● **EXTRACTED MATERIAL**
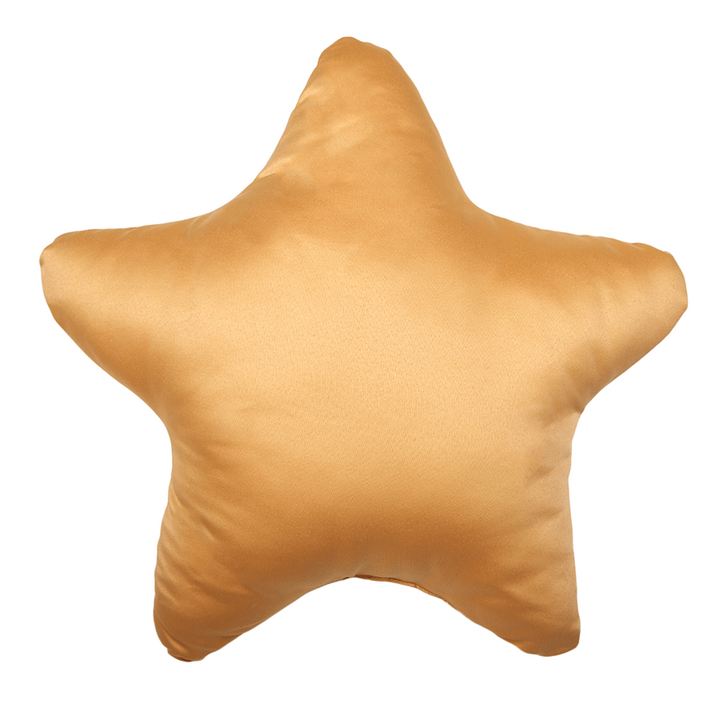 STAR SHAPED DIGITAL CUSHION COVER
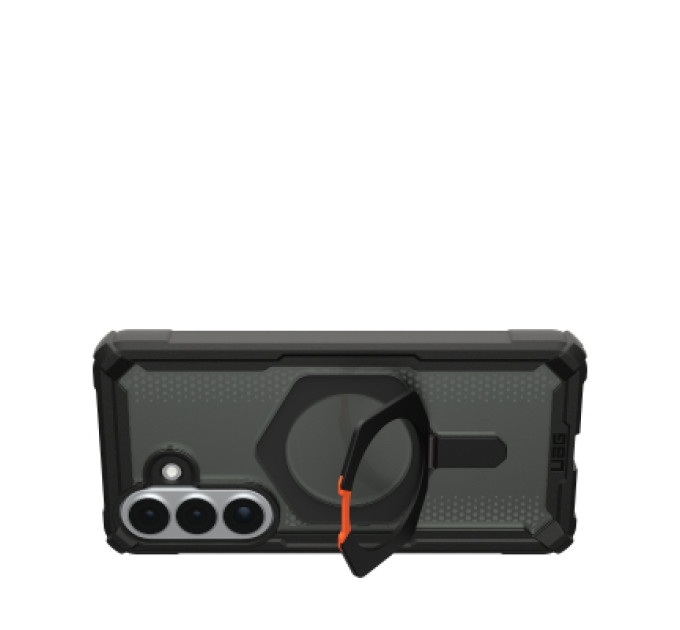 UAG Чохол до мобільного телефона UAG Samsung Galaxy S26+ Plasma XTE with Magnet black/orange (214523114097)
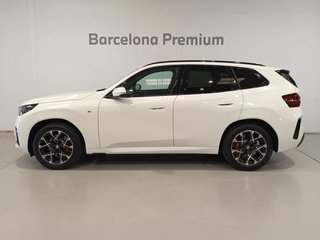 BMW X3 xDrive20d 145 kW (197 CV)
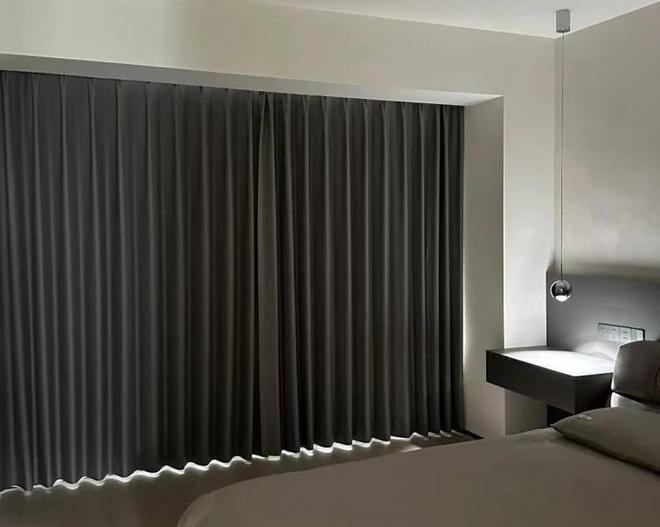 建议大家这6种颜色的窗帘不要买“翻车率”百分百赶紧换掉(图2)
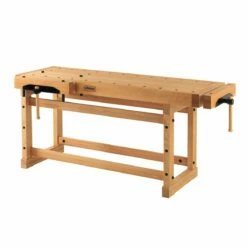 Sjobergs Elite Workbench 2000 + SM04 Cabinet Combo -tool Sales Store sjo 33458k 02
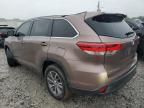2019 Toyota Highlander Se for Sale in Montgomery, AL - Minor Dent/Scratches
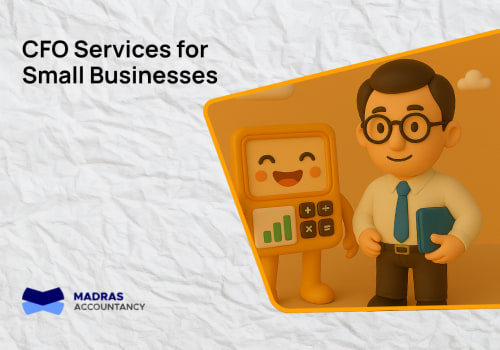 How A Fractional CFO Can Save Small Businesses Money Without Sacrificing Quality Financial Advice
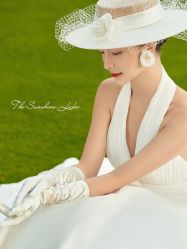 -今生有约婚纱摄影店(景德路店)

● **TASK BRIEF**
Output the span from the line with "2019 Toyota Highlander" through the last line of the data, inclusive and exact, and omit every picture.

● **SOLVED PROBLEM**
2019 Toyota Highlander Se for Sale in Montgomery, AL - Minor Dent/Scratches
 How A Fractional CFO Can Save Small Businesses Money Without Sacrificing Quality Financial Advice
 -今生有约婚纱摄影店(景德路店)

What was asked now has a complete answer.